IDENTIFYING TROUBLED PGS
As previously noted, a placement group isn’t necessarily problematic just because its state isn’t active+clean. Generally, Ceph’s ability to self repair may not be working when placement groups get stuck. The stuck states include:
- Unclean: Placement groups contain objects that are not replicated the desired number of times. They should be recovering.
- Inactive: Placement groups cannot process reads or writes because they are waiting for an OSD with the most up-to-date data to come back up.
- Stale: Placement groups are in an unknown state, because the OSDs that host them have not reported to the monitor cluster in a while (configured by mon osd report timeout).
To identify stuck placement groups, execute the following:
ceph pg dump_stuck [unclean|inactive|stale]
See Placement Group Subsystem for additional details. To troubleshoot stuck placement groups, see Troubleshooting PG Errors.

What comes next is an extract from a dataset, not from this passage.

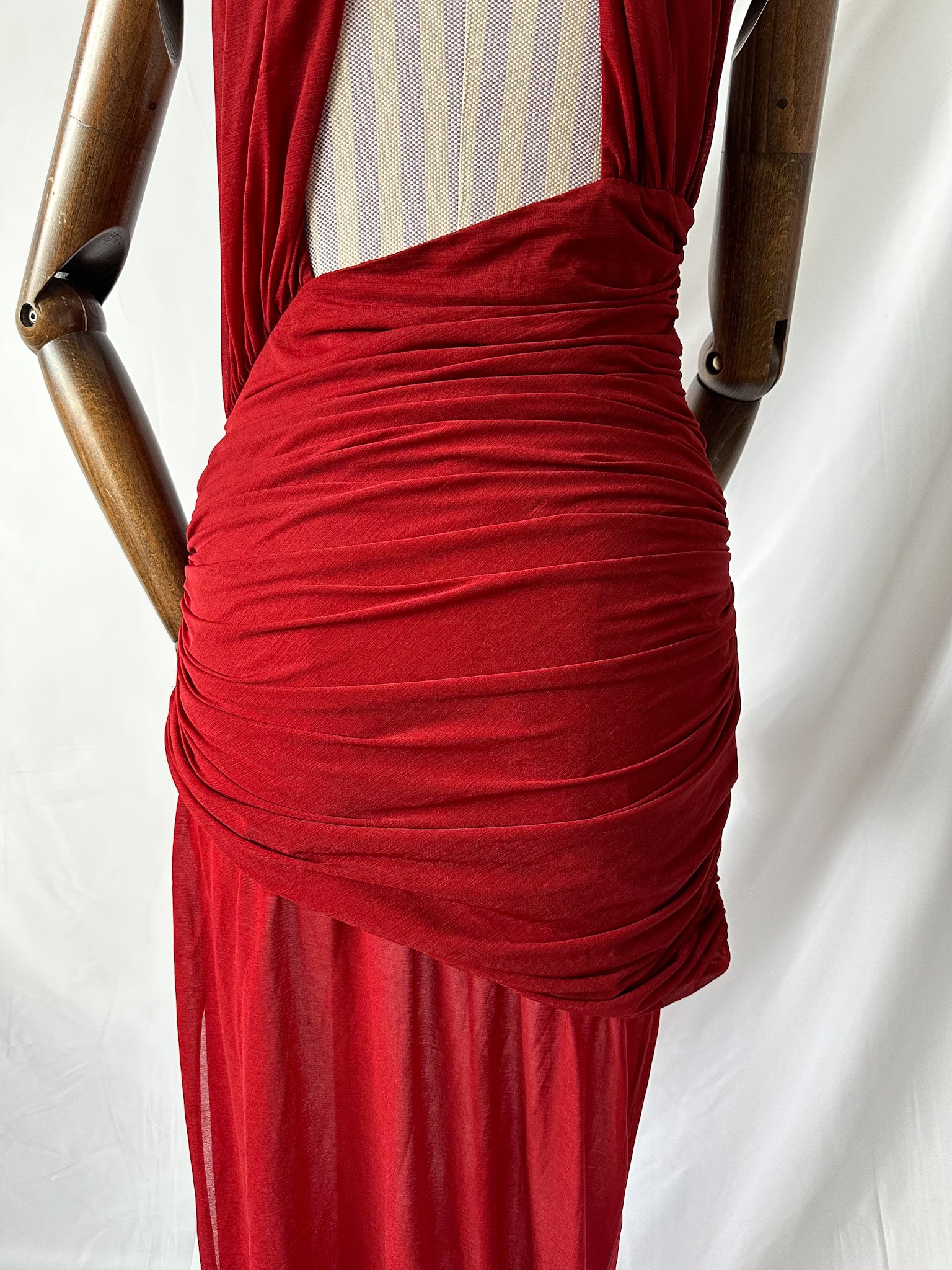 De La Vali Burgundy Red Cairo High Neck Cut-Out Maxi Dress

FINDING AN OBJECT LOCATION
To store object data in the Ceph Object Store, a Ceph client must:
- Set an object name
- Specify a pool
The Ceph client retrieves the latest cluster map and the CRUSH algorithm calculates how to map the object to a placement group, and then calculates how to assign the placement group to an OSD dynamically. To find the object location, all you need is the object name and the pool name. For example:
ceph osd map {poolname} {object-name}
Excercise: Locate an Object
As an exercise, lets create an object. Specify an object name, a path to a test file containing some object data and a pool name using the rados put command on the command line. For example:
rados put {object-name} {file-path} --pool=data
rados put test-object-1 testfile.txt --pool=data
To verify that the Ceph Object Store stored the object, execute the following:
rados -p data ls
Now, identify the object location:
ceph osd map {pool-name} {object-name}
ceph osd map data test-object-1
Ceph should output the object’s location. For example:
osdmap e537 pool 'data' (0) object 'test-object-1' -> pg 0.d1743484 (0.4) -> up [1,0] acting [1,0]
To remove the test object, simply delete it using the rados rm command. For example:
rados rm test-object-1 --pool=data
As the cluster evolves, the object location may change dynamically. One benefit of Ceph’s dynamic rebalancing is that Ceph relieves you from having to perform the migration manually. See the Architecture section for details.